Extracted data below:
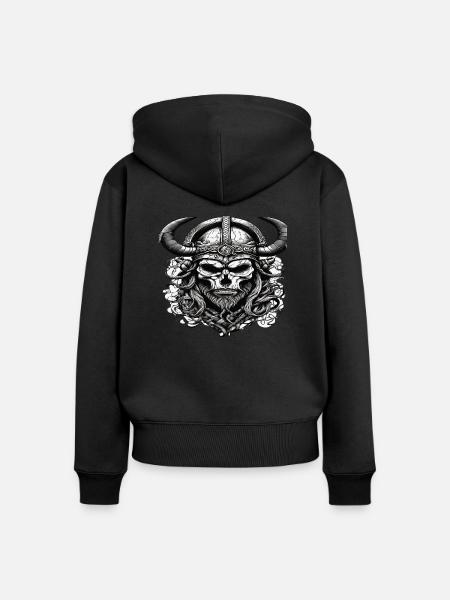 Wikinger Schädel - Frauen Premium Bio Zip Hoodie - Schwarz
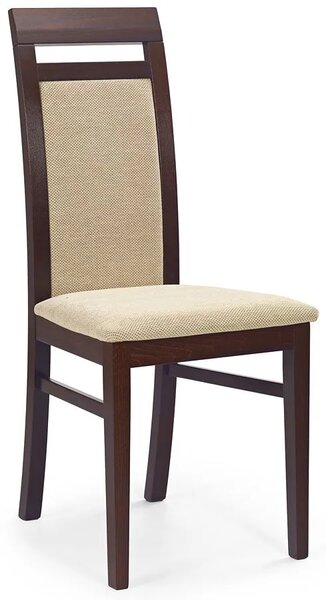 Krzesło tapicerowane drewniane Tolen - ciemny orzech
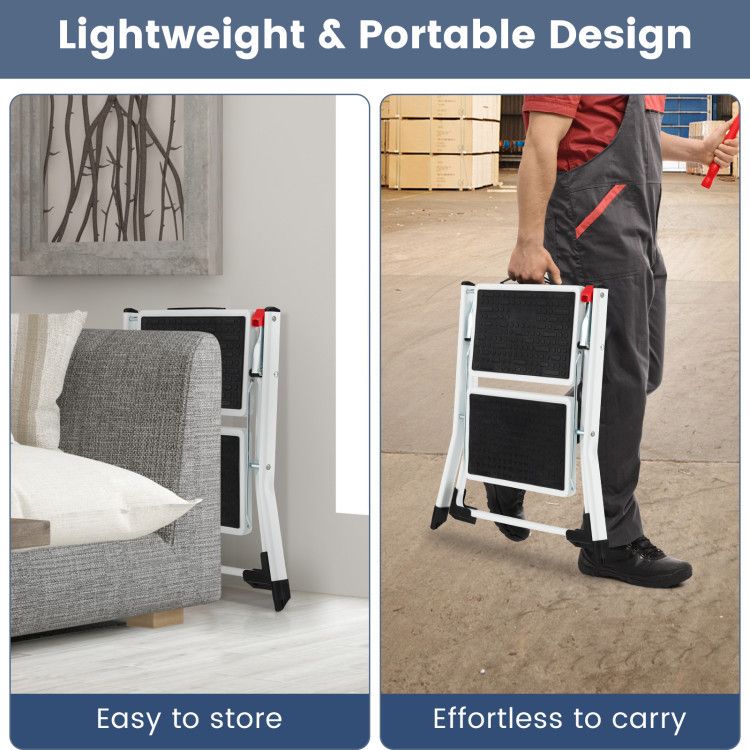 Folding 2 Step Ladder wiht Anti-Slip Pedal and Large Foot Pads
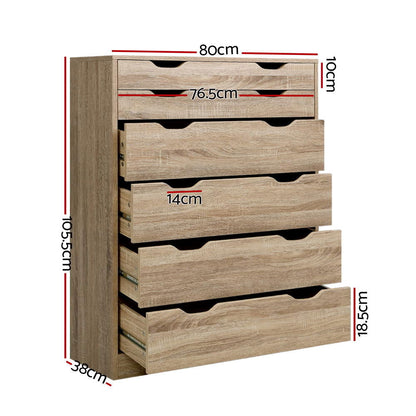 Artiss 6 Chest of Drawers - MYLA Oak - Cosy Abode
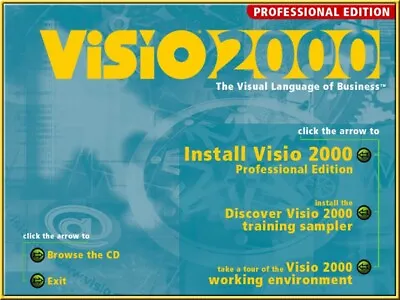 Microsoft Visio 2000 Professional / Standard / Technical Editions W/ License NEW • $14.98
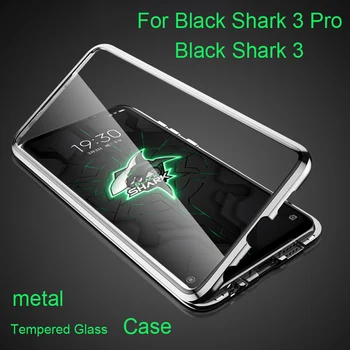 BlackShark 3 proCase Pre Xiao Black Shark 3 Kovový Rám Doubl Stranný Sklenený Kryt Black Shark 3 pro Ochranné Telefón Prípade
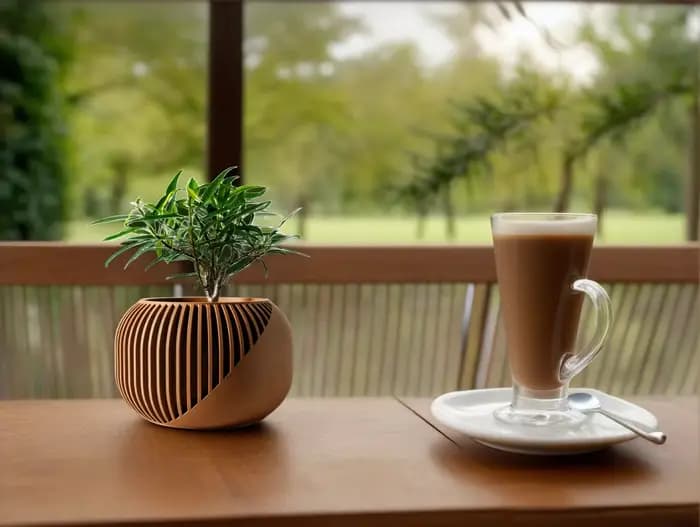 Pot à plantes moderne et minimaliste imprimé en 3D - Pot à fleurs biodégradable pour la décoration de la maison, cadeau durable et écologique (Narvo)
End of Extracted data.
Task prompt:
Nothing except the lines from the one containing "Folding 2 Step" through the one containing "BlackShark 3 proCase" should appear in the answer, exactly as above and without pictures.

Reply to the exercise:
 Folding 2 Step Ladder wiht Anti-Slip Pedal and Large Foot Pads
 Artiss 6 Chest of Drawers - MYLA Oak - Cosy Abode
 Microsoft Visio 2000 Professional / Standard / Technical Editions W/ License NEW • $14.98
 BlackShark 3 proCase Pre Xiao Black Shark 3 Kovový Rám Doubl Stranný Sklenený Kryt Black Shark 3 pro Ochranné Telefón Prípade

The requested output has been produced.